Exercise brief:
Below are some records. Retype exactly the lines from the one containing "1 Cross Creek Ln, Upper Black Eddy, PA 18972" through the one containing "19 MAYIS CO�KUSU SOKAKLARA TA�TI", both included, skipping every picture.

Data supplied:
##########

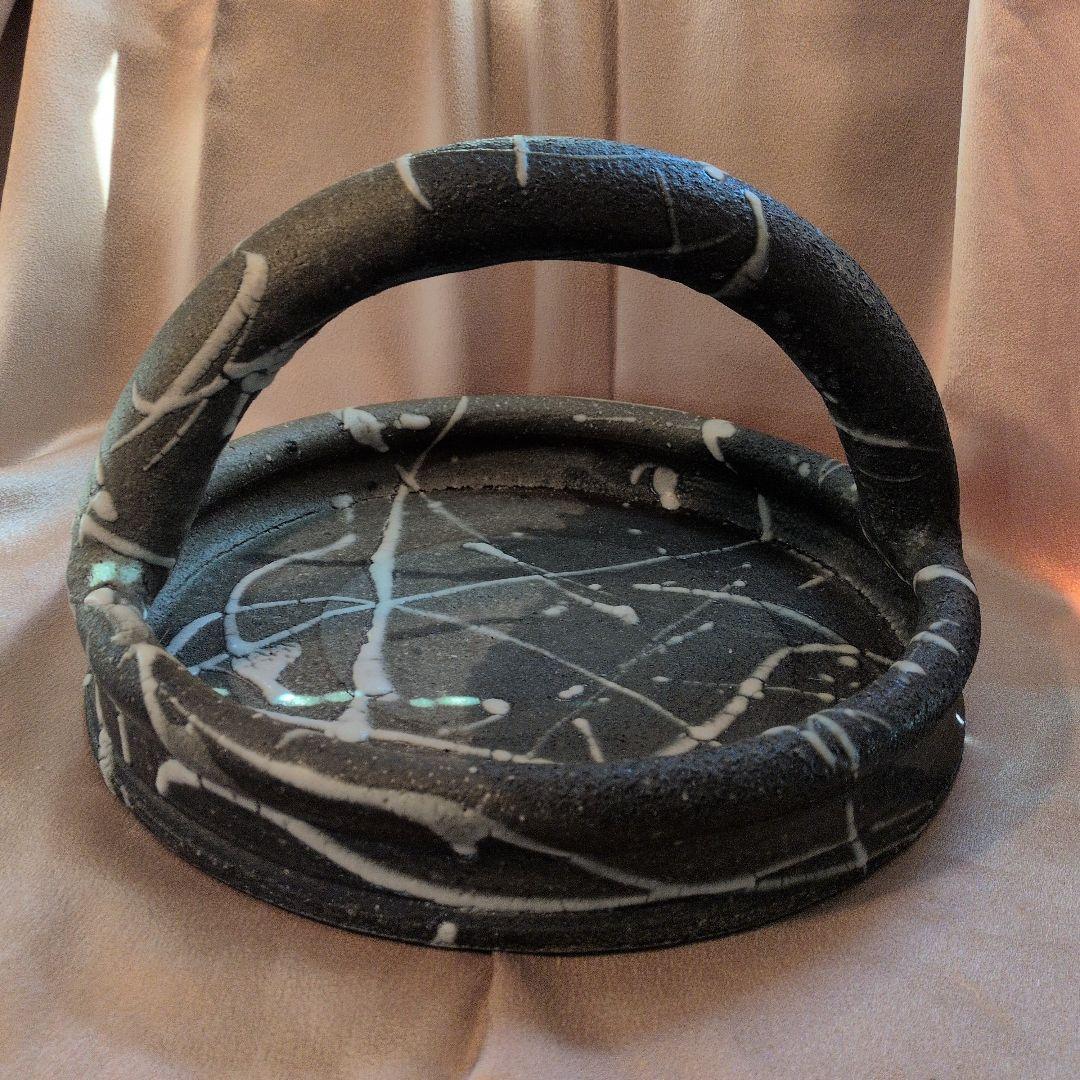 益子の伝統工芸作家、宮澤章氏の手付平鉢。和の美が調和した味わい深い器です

##########

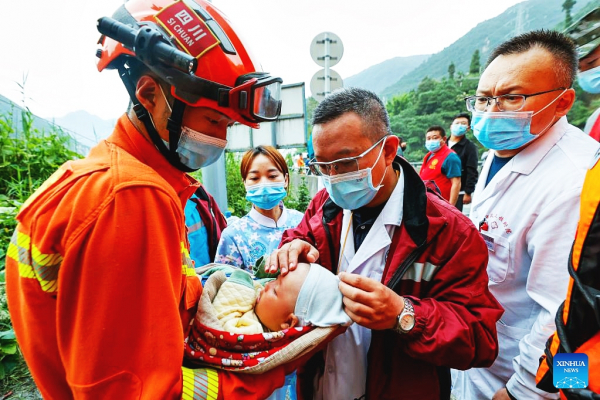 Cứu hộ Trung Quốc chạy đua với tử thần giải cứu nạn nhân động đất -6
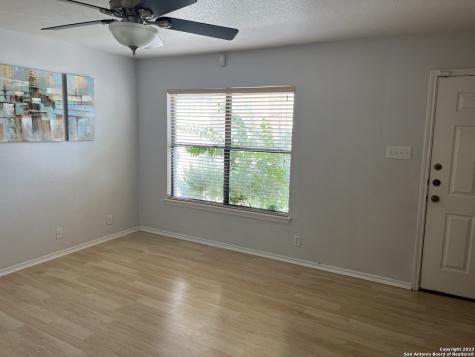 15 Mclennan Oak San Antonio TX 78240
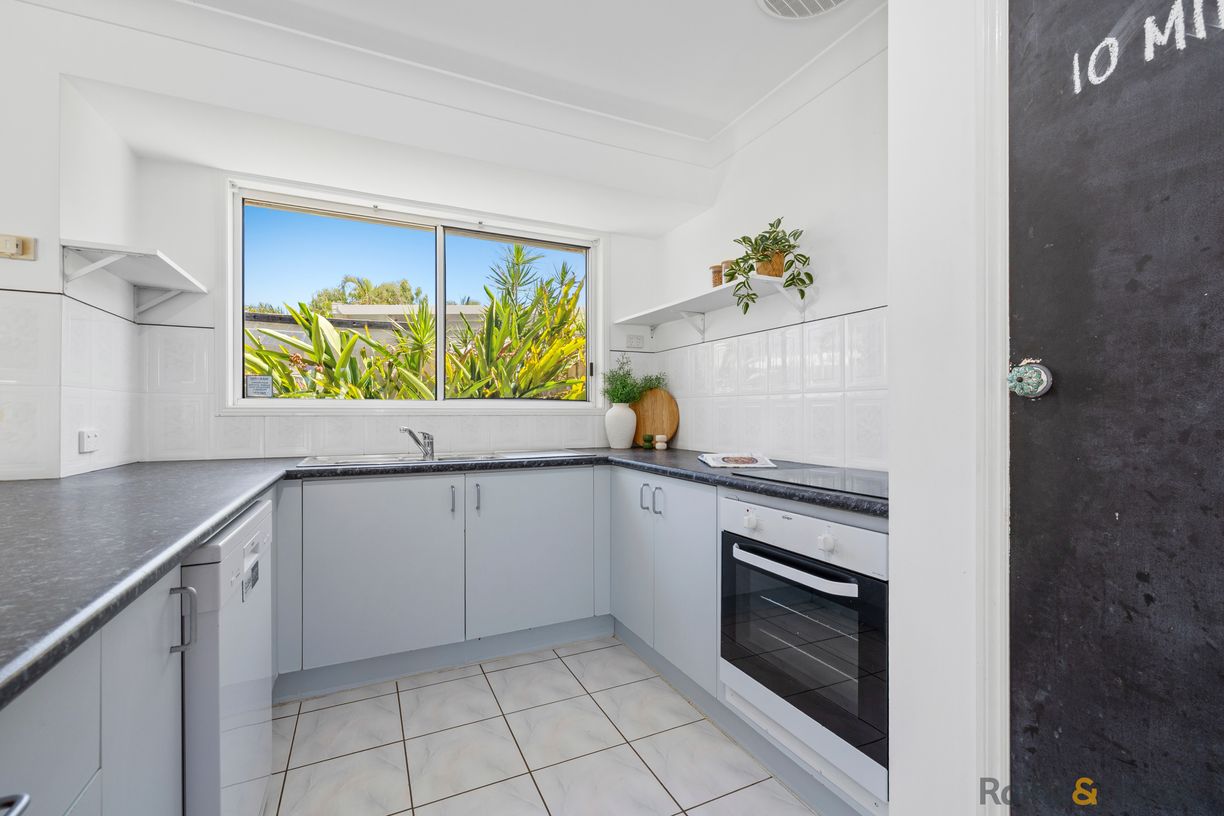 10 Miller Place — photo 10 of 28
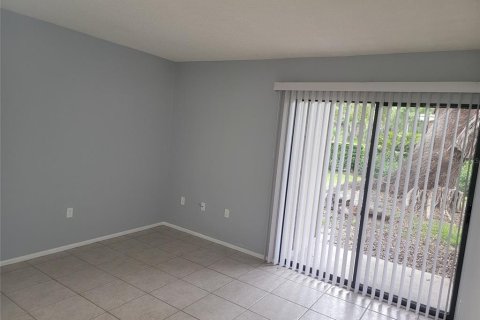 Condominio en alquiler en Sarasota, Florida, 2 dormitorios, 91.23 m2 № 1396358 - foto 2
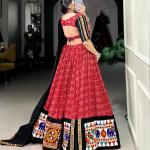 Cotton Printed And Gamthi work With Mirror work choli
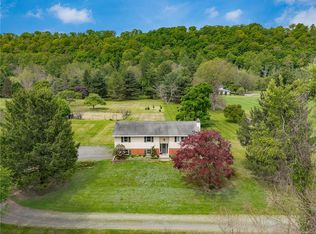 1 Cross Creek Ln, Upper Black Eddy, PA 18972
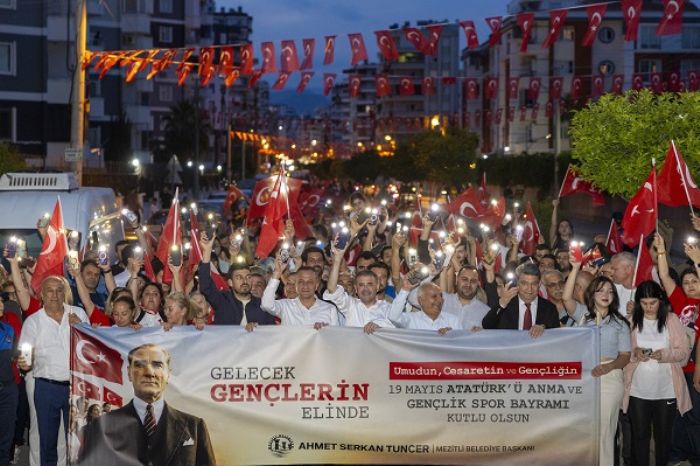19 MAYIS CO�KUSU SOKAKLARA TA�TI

##########

Written response:
 1 Cross Creek Ln, Upper Black Eddy, PA 18972
19 MAYIS CO�KUSU SOKAKLARA TA�TI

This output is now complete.